Hace un par de días una madre preguntó a su hijo, ya en la treintena, qué era lo que quería como regalo de Navidad. Él contestó que unas zapatillas que había visto, que costaban 30€. La madre le regaló un ordenador portátil de 1.000€, porque sabía que era algo que deseaba, pero que dudo que le hiciera más feliz que las zapatillas.
Llega la cena de Nochebuena y uno no tiene hambre. No le apetece tanta opulencia, ni se vuelve ya loco por los pescados, ni por las carnes, ni por los turrones. Tiempos fueron en los que el pavo el era lo más cotizado y años más tarde, el marisco, que se comía una o dos veces al año (en Navidad y en las bodas). Pero hoy casi todo el mundo puede permitírselo un día cualquiera y a mejor precio que en Navidades, con lo que ya no se sabe qué poner en la mesa como algo especial.
Comentando esto mismo con la estanquera, ella dijo que días antes, hablando con su hermana sobre qué poner de menú en Nochebuena, la hermana le preguntó: ¿Cuánto tiempo hace que no comes unos huevos fritos con chorizo? La estanquera contestó “ni me acuerdo”. Y ese fue el menú especial, diferente a lo de siempre: huevos fritos con chorizo. Y hubo quien dijo haberse quedado más a gusto con una fruta y un yogurt.

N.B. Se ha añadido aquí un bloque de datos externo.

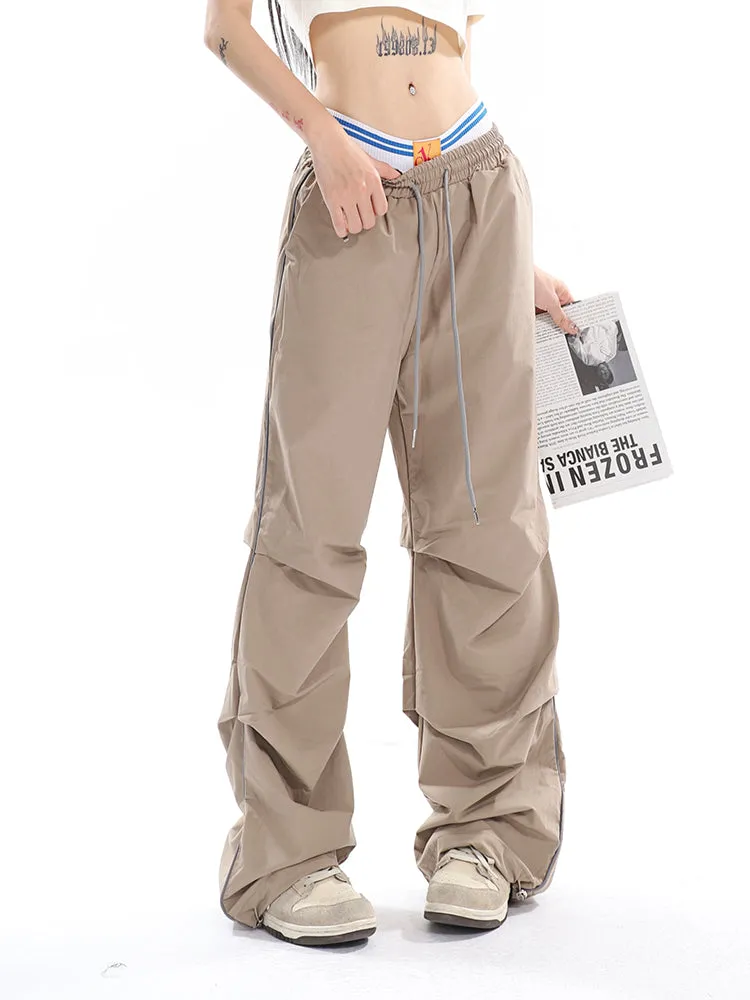 Stacia Solid Color High Waist Pleated Drawstring Straight Leg Parachute Crago Pants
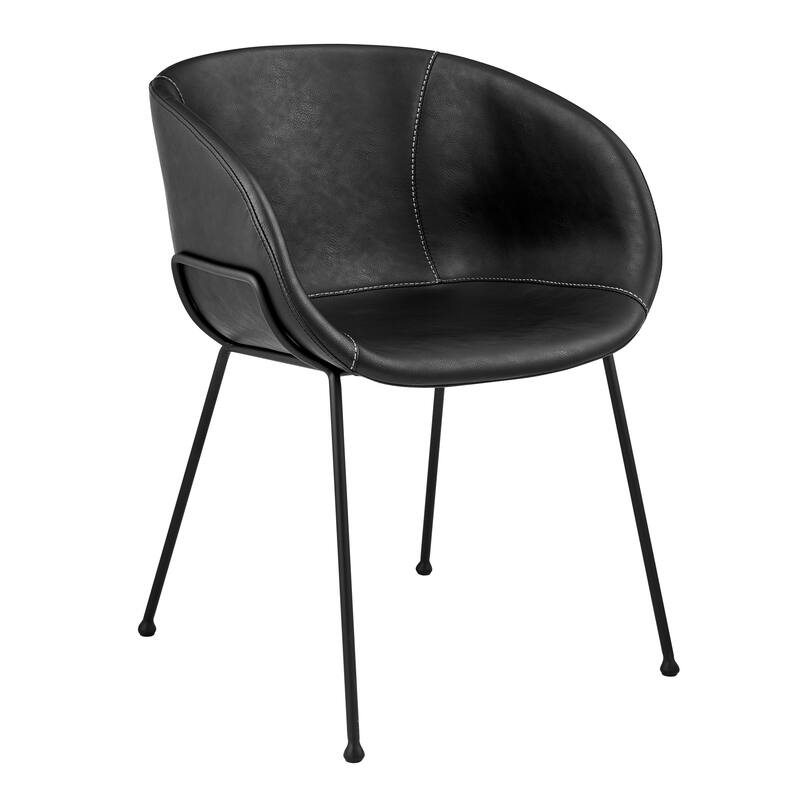 Zach Armchair in Black Leatherette with Matte Black Legs - Set of 2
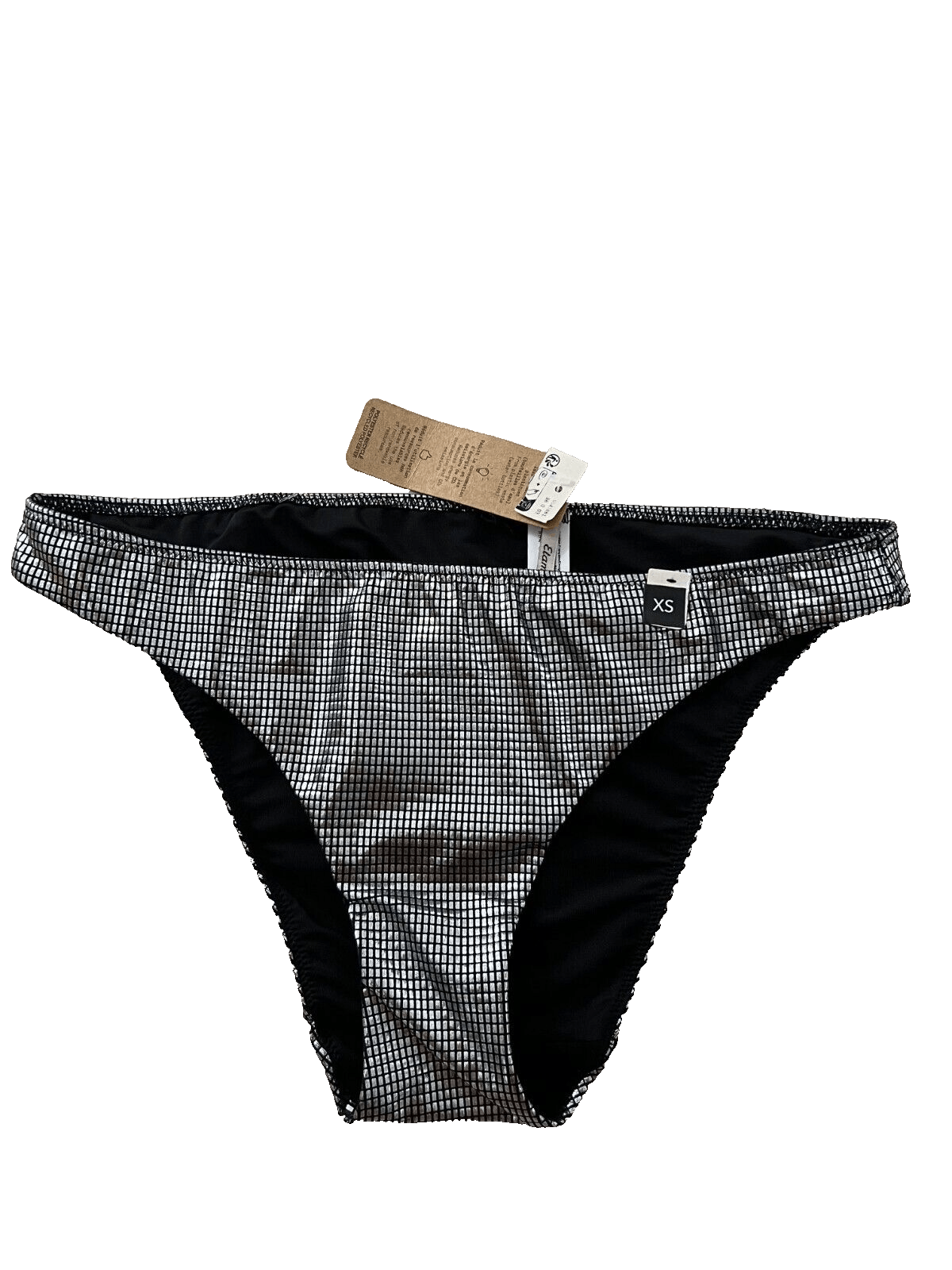 Other Etam Metallic Swim Bikini Bottom Silver / Black ( XS ) Size 26" / US 2 / IT 38 - 1 Thumbnail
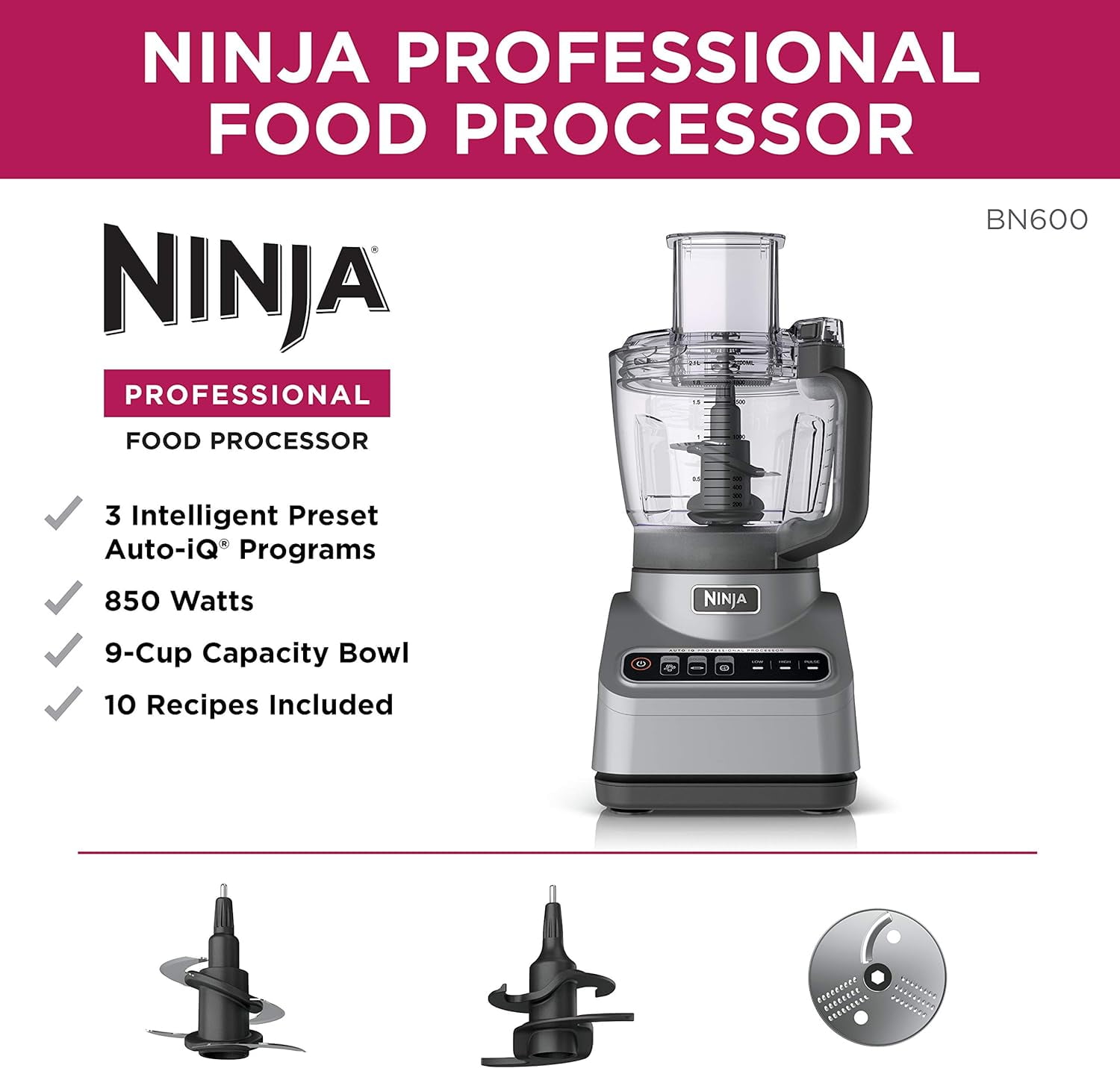 Restored Ninja BN600 Professional Plus Food Processor, 850 Watts, 3 Functions for Chopping, Slicing & Dough with 9-Cup Processor Bowl, 3 Blades, Food Chute & Pusher, Silver (Refurbished)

Ya no sabemos qué regalar a los niños, que tienen de todo y más de lo que cabe en casa. Hay que ir sacando unos juguetes para que puedan entrar otros. Las casas se nos hacen pequeñas para tanto paquete y tanto regalo y tantas y tantas cosas que no sabemos para qué vamos a necesitar o si les llegaremos siquiera a dar uso. Pero, vamos, lo importante es el detalle, como suelen decir.
Así que, tras dejar de ser una fiesta religiosa cristiana, hoy esta fiesta es de los comerciantes, que de tanto vendernos de todo, nos han dejado hartos, hastiados, llenos hasta los topes de tanta repetición de consumo, de tanta comida que nos sobra, de tanto de todo que, al final, ni siquiera nos damos cuenta de que no lo necesitamos, ni lo deseamos siquiera.
Y esta opulencia nuestra y este destrago nuestro, es el hambre de otros. En este sistema competitivo, para que unos triunfen otros deben perder y para que unos coman hasta hartarse, otros deben morir de inanición.
A lo mejor deberíamos de cambiar de nuevo el sentido de la fiesta, ya no cristiana, ya no comercial, sino solidaria. Y la solidaridad debe empezar por uno mismo y por cada acción que uno hace. Que un grano no hace granero, pero ayuda al compañero. Tal vez deberíamos al menos pensarlo.